Information provided:
------------------------------------------------------------------------

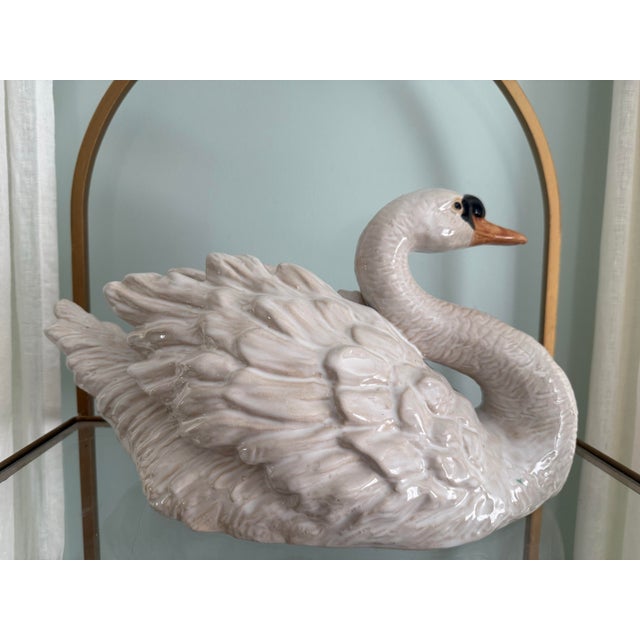 Vintage Large Ceramic Swan For Sale In New York - Image 6 of 10
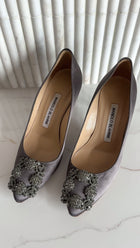 Manolo Blahnik Smoke Grey Silk Crystal Hangisi Pumps - 35.5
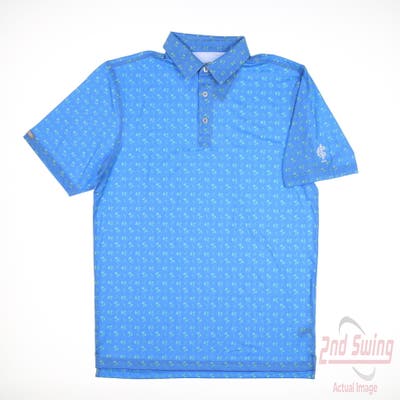 New W/ Logo Mens Straight Down Polo Small S Blue MSRP $96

------------------------------------------------------------------------

Your assignment:
Every line above should be reproduced exactly, please, with no pictures included.

Written answer:
 Vintage Large Ceramic Swan For Sale In New York - Image 6 of 10
 Manolo Blahnik Smoke Grey Silk Crystal Hangisi Pumps - 35.5
 New W/ Logo Mens Straight Down Polo Small S Blue MSRP $96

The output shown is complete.